La primera y única vez que fui a uno de esos viernes que llaman “black friday” fue a insistencia de una de mis cuñadas, quien estuvo varios días recitándome las virtudes y ventajas de esa venta en horas de la madrugada con tal que la acompañara. Y bueno, como soy blandita de corazón, no me quedó otro remedio que montarme en su carro - obviamente después de comer pavo- para llegar hasta el centro comercial e instalarnos ante las puertas de esa tienda que abriría a la media noche. Éramos tres: ella, una de mis hijas y yo.

Pensar que por llegar “temprano” tendríamos un lugar privilegiado en la fila fue una equivocación. Una cola robusta de mujeres y hombres daba la vuelta a la tienda. Apiñados, resistiendo el frío de la noche y la brisita navideña asomada antes de tiempo, el filón de gente no tenía intención de claudicar en su empeño de comprar antes que nadie y a precios especiales. Cientos de almas congregadas frente a ese templo del consumerismo parloteaban sobre los artículos que querían, el precio de aquí, el descuento de allá y todos esos detalles que tienen los poseedores de maña adquisitiva.

Me puse nerviosa. A diferencia de ellos yo no llevaba estrategia, ni siquiera una lista mental. Solo quería ver, repasar los pasillos y aprovechar alguna cosita que me atrajera. Pero aquello era otra cosa. Los ánimos se exaltaban cuando algún empleado de la tienda pasaba frente a la puerta. Se formaba un reperpero, un amago de motín.

Así las cosas, los sentimientos fueron in crescendo y tan pronto aquellas puertas dobles y de cristal se abrieron de par en par, la gente entró con desespero, desenfreno, eufóricos, corriendo. Fueron tantos los grititos, codazos y empujones en aquel embudo humano que pensé que el mundo se estaba acabando.

Una pila de mujeres, cuñada incluida, comenzó a correr aceleradamente hacia el área de calzado. Nunca he entendido por qué las mujeres sentimos esa fascinación pasional por los zapatos. Una montaña de cajas, perfectamente apiladas se veía desde el final del pasillo. Un tropel de mujeres caminaba con prisa y luego corrieron con histeria.

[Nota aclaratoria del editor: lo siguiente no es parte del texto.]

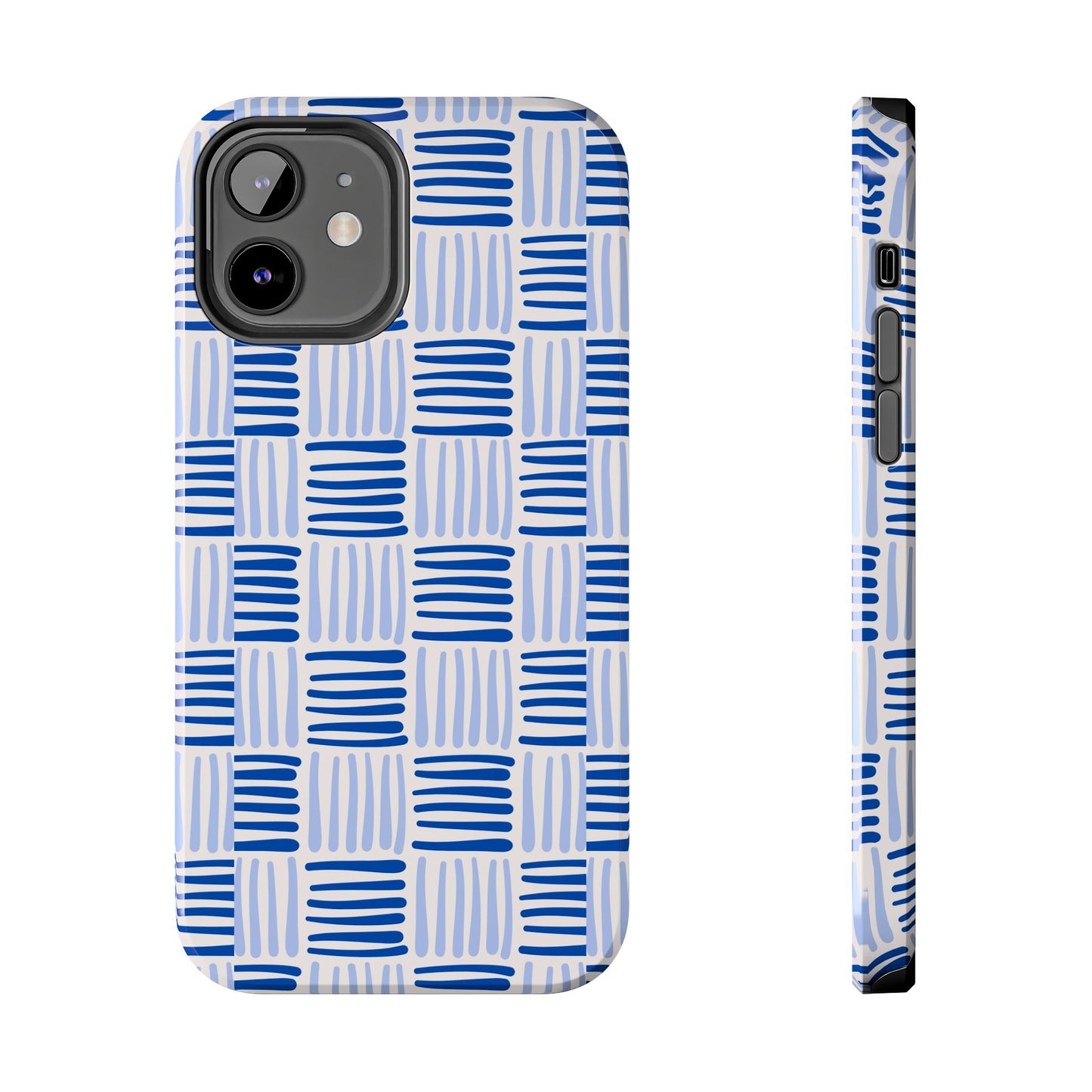 Stylish Tough Phone Cases, Durable Phone Cover, Trendy Mobile Case, Gift for Her, Modern Design, Phone Accessory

Del tiro le grité a mi hija. “Agarra dos”. Y ella, joven y ligera, se abalanzó a la multitud, se metió entre los espacios entre cuerpos y agarró dos cajas de aquellas mientras su madre estiraba el brazo en otra pila para alcanzar un artículo que tenía a otras muchas mujeres encima. Yo no sabía qué era, pero alargué la mano con tal de no quedarme atrás.

Mi cuñada estaba desaparecida en el tumulto. La encontré minutos después, metida de nariz en una góndola de “sweaters”. “Haz fila en la caja”, me ordenó. Y yo, atontada por el reperpero, me coloqué de inmediato en la longaniza de hilera frente a la caja registradora.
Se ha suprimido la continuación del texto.